Several experiments have been done in the last decade using inelastic scattering of neutrons and optical Raman scattering. These experiments have gradually clarified the characteristics of the lattice vibration mode, referred to as a Boson peak mode (BPM), which may result in a Boson peak. These experiments indicated that the BPM in a silicate glass was a strongly localized mode and was relevant to the torsional motion of the SiO4 tetrahedron, which is a solid structure unit of the silicate glass. Moreover, they suggested another quite interesting feature in which the BPM that is localized at one site hops to other sites with the assistance of propagating acoustic phonons. Because the acoustic phonons increase proportionally with temperature T, the hopping probability is also proportional to T.

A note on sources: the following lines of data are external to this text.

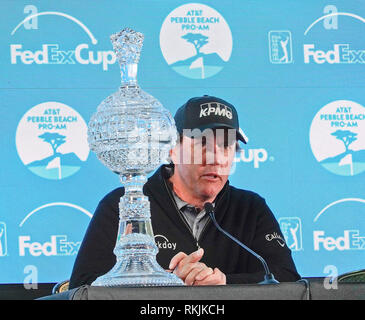 Pebble Beach Golf Links, Californie, USA. 11 Février, 2019 Pebble Beach Golf Links, CA, USA Lauréat Phil Mickleson parle avec la presse après l'arrivée lundi dernier tour, à Pebble Beach Golf Course à l'AT&T, à Pebble Beach Pro-Am Crédit : Motofoto/Alamy Live News Banque D'Images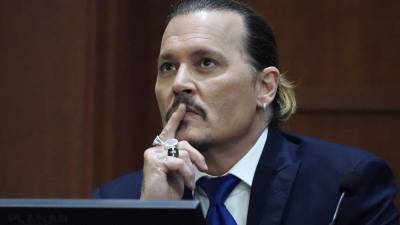 El actor Johnny Depp testifica en la corte de Fairfax en Virginia.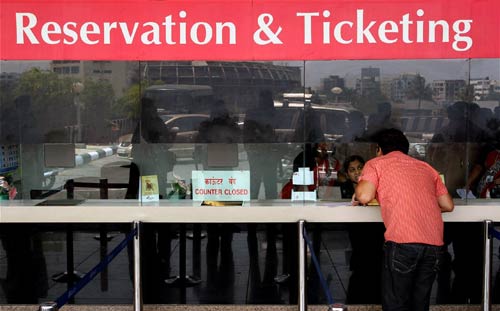 कोर्ट ने लगाई फटकार फिर भी जारी है हड़ताल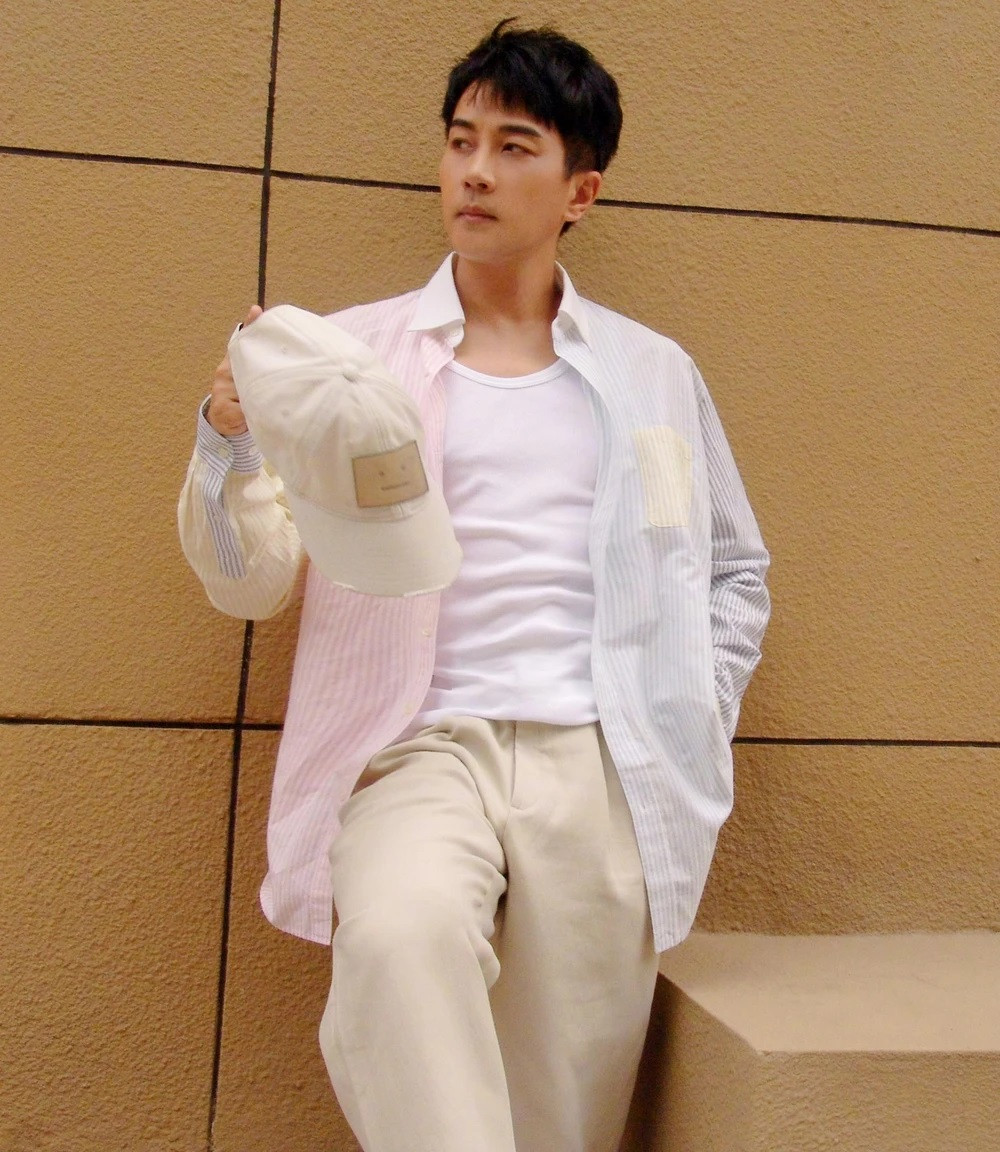 Dương Mịch lựa chọn công việc bỏ bê con cái. Lưu Khải Uy cũng dùng chính con gái yêu để hạ bệ vợ cũ. Dương Mịch lựa chọn công việc bỏ bê con cái. Lưu Khải Uy cũng dùng chính con gái yêu để hạ bệ vợ cũ.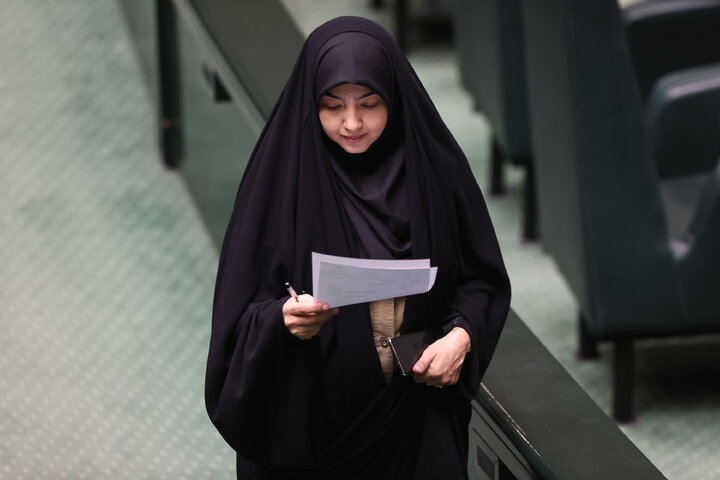 نشست علنی دوشنبه 15 دی ماه مجلس شورای اسلامی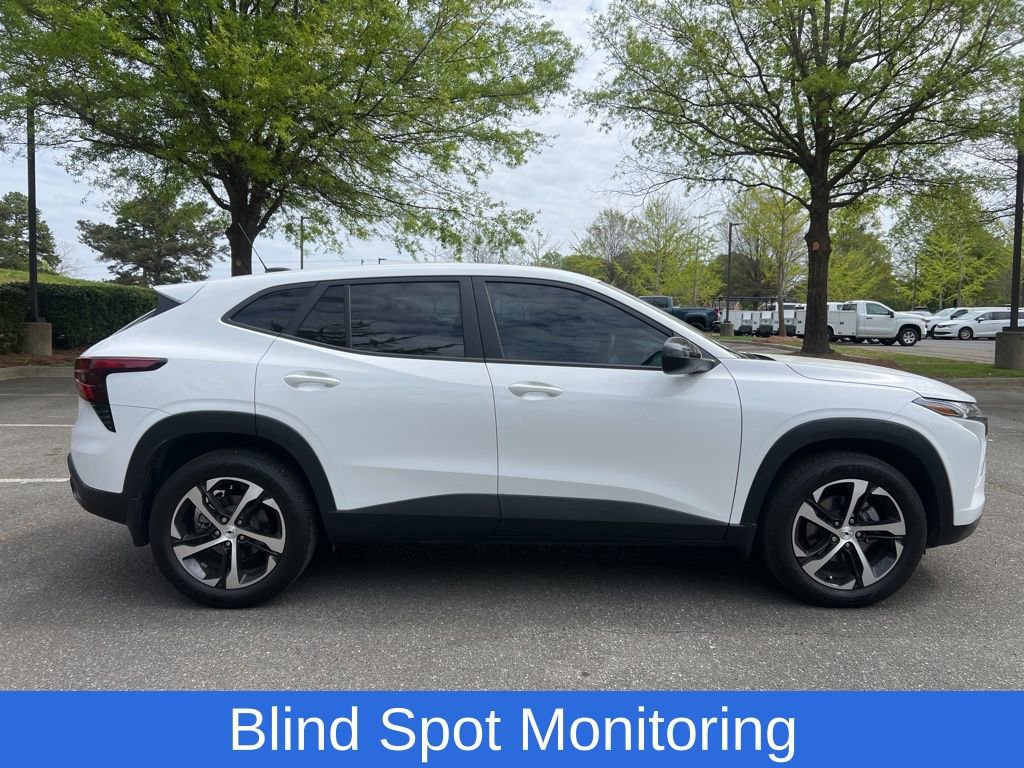 Used 2025 Chevrolet Trax RS w/ Sunroof Package image 5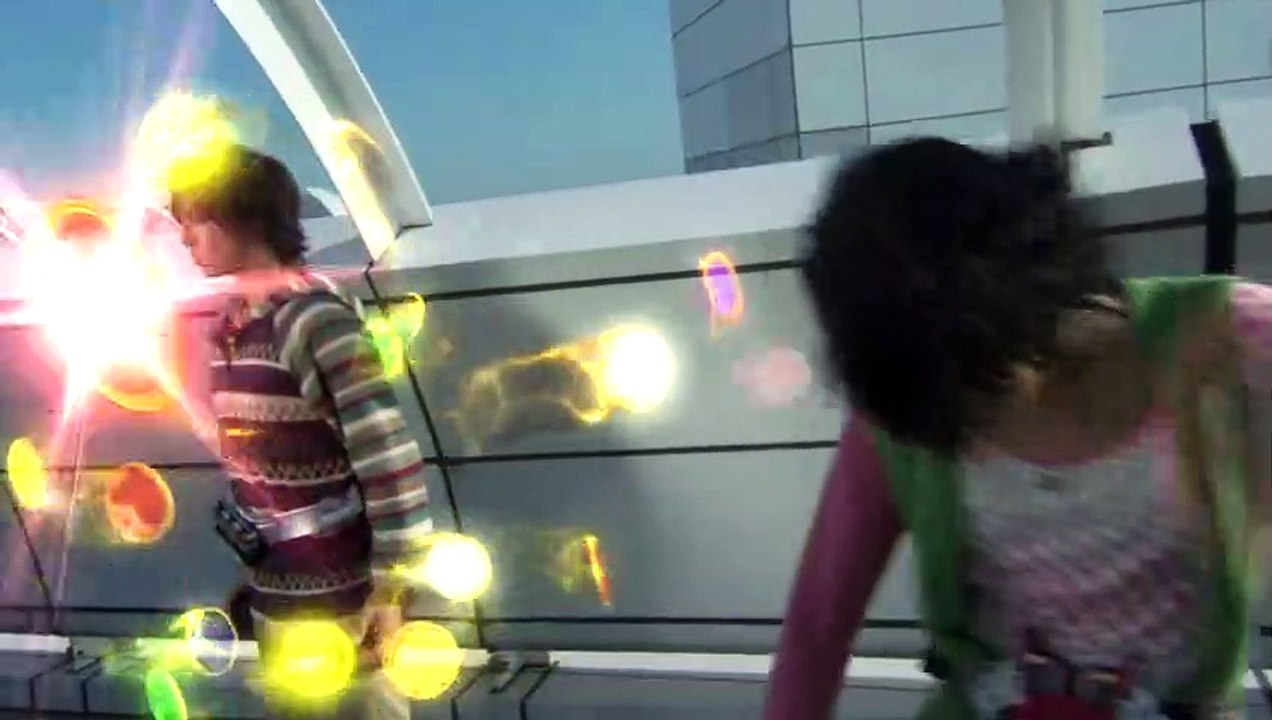 Kamen Cavalier × Kamen Rider OOO & W Avec Skull: Film War Core Bande-annonce (EN)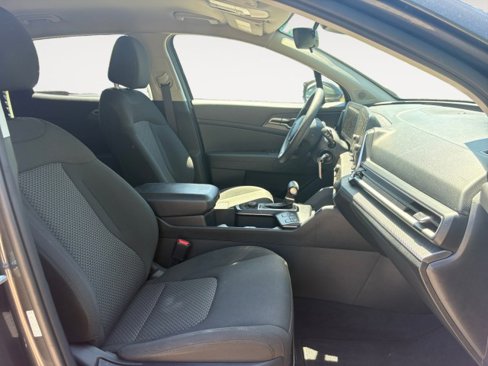 Used 2023 Kia Sportage LX image 14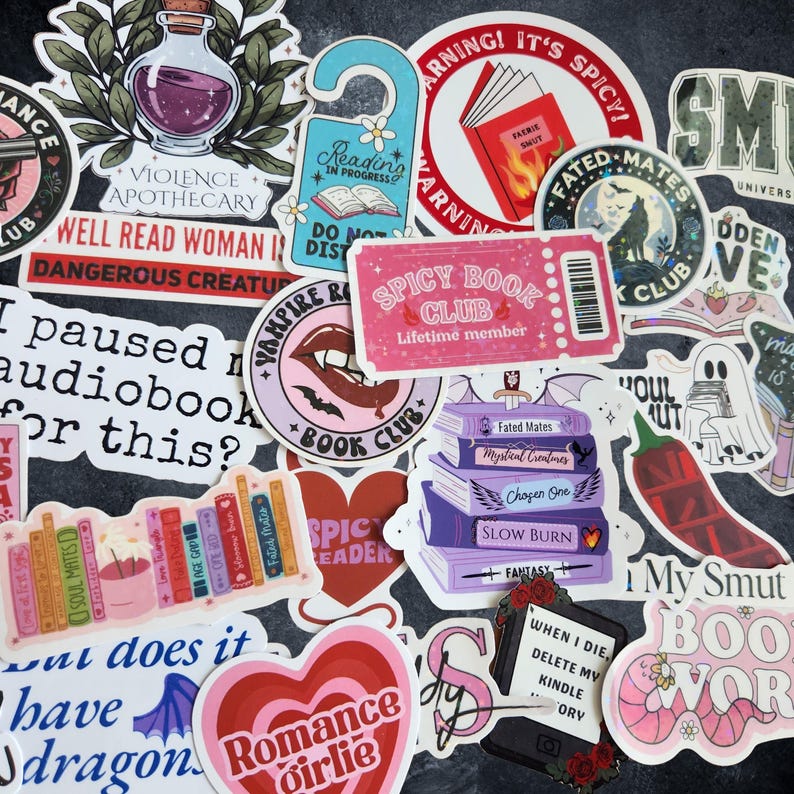 Pu&ograve; includere: Una collezione di adesivi in vinile assortiti con temi letterari, inclusi testi come Spicy Book Club, Violence Apothecary e Romance Girlie, insieme a illustrazioni di libri, fantasmi, cuori e pozioni in vari colori.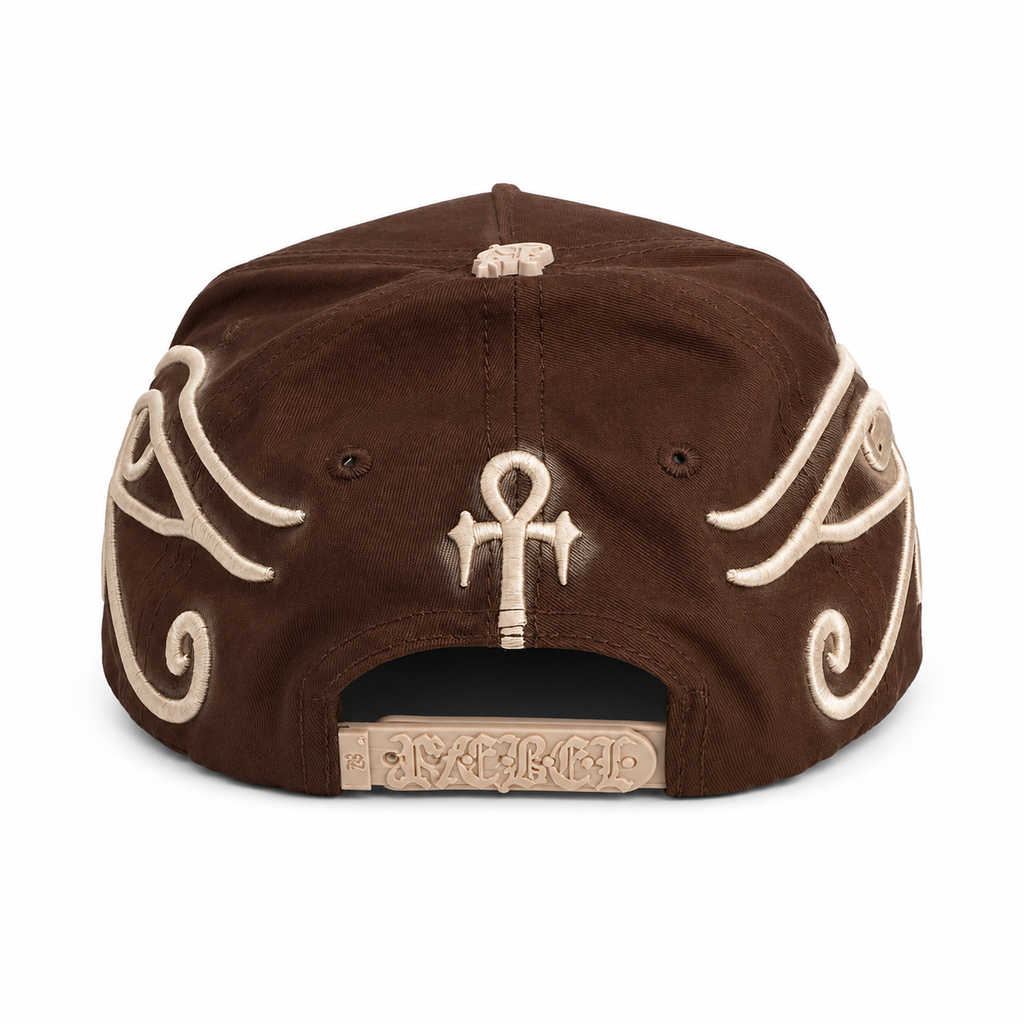 GORRA REBEL HATS FRIENDS & FAMILY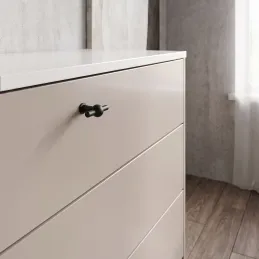 Ročaj v obliki gumba MAREA / mat črna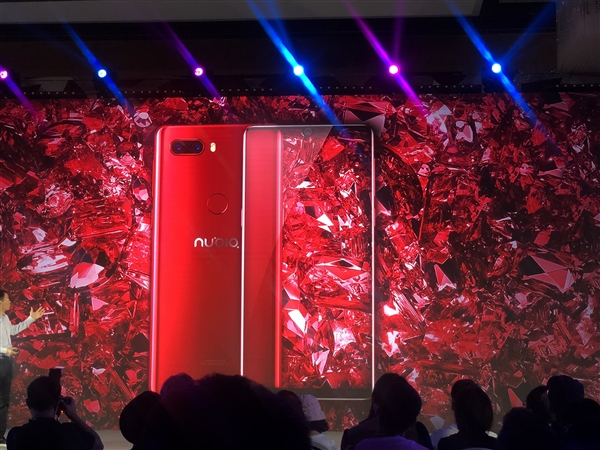 Ŭ�����ޱ߿��콢Z18����������845+8G�ڴ� 2799Ԫ��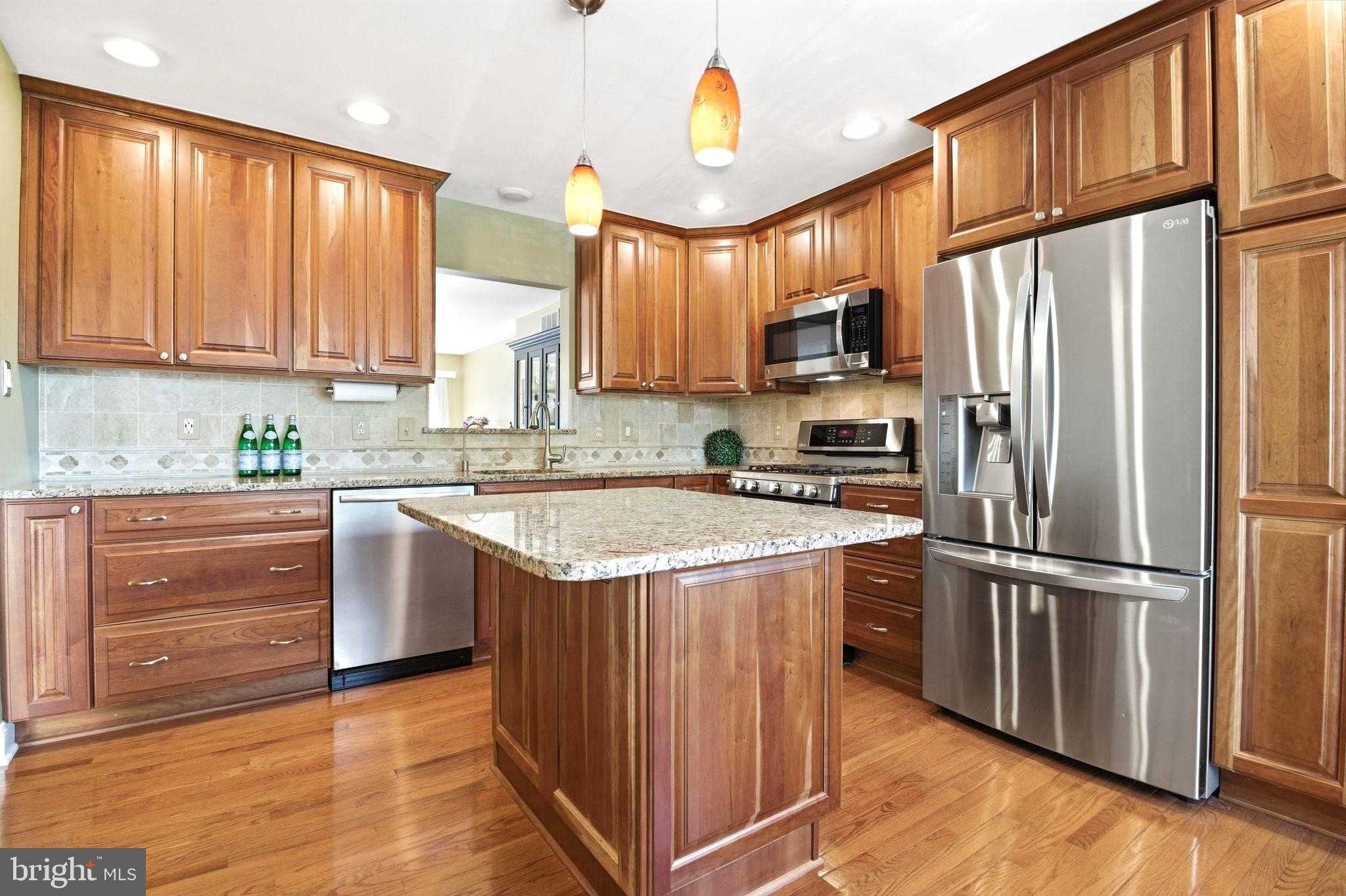 4866 Carriagepark Rd photo 2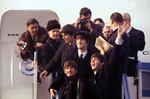 The Beatles blev modtaget af den samlede verdenspresse og skrigende piger i JFK-lufthavnen, kort efter lufthavnens indvielse. Foto: Disney +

6. Relaxation induced by BPM in hfs of 167Er3+ ions
We calculated the hfs population relaxation rate β for the interaction with the BPM in order to explain the obtained temperature dependence profile of β. Because the BPM in the neighbor of an Er3+ ion hops to another site at a certain time (Fig. 4), we can consider that the interaction time with the BPM is determined by the lifetime that the BPM stays at a particular site. When this lifetime increases with respect to the decrease in temperature, the long interaction with BPM promotes the relaxation of hfs of the 167Er3+ ions.
The profiles for the experimental and theoretical results are shown in Fig. 5. The profile for the theoretical results shows good agreement with that for the experimental results in the temperature region from 8 K to 30 K. This suggests that a picture of the BPM localization and hopping with the assistance of propagating phonons has been successfully obtained, which enables us to describe our experiments. The quantitative discrepancy for the temperature range of 2.5–8 K seems to be attributed to (i) underestimation of the DOS of BPM and (ii) other localized vibration modes. Nevertheless, we have succeeded in qualitatively showing the peak of the β profile.
7. Future work
In the temperature region lower than 2.5 K, the experimental and theoretical results show a significant decrease in β. We therefore intend to measure the lifetime t1 in that region and to confirm the long lifetime. After that, we will conduct quantum memory experiments.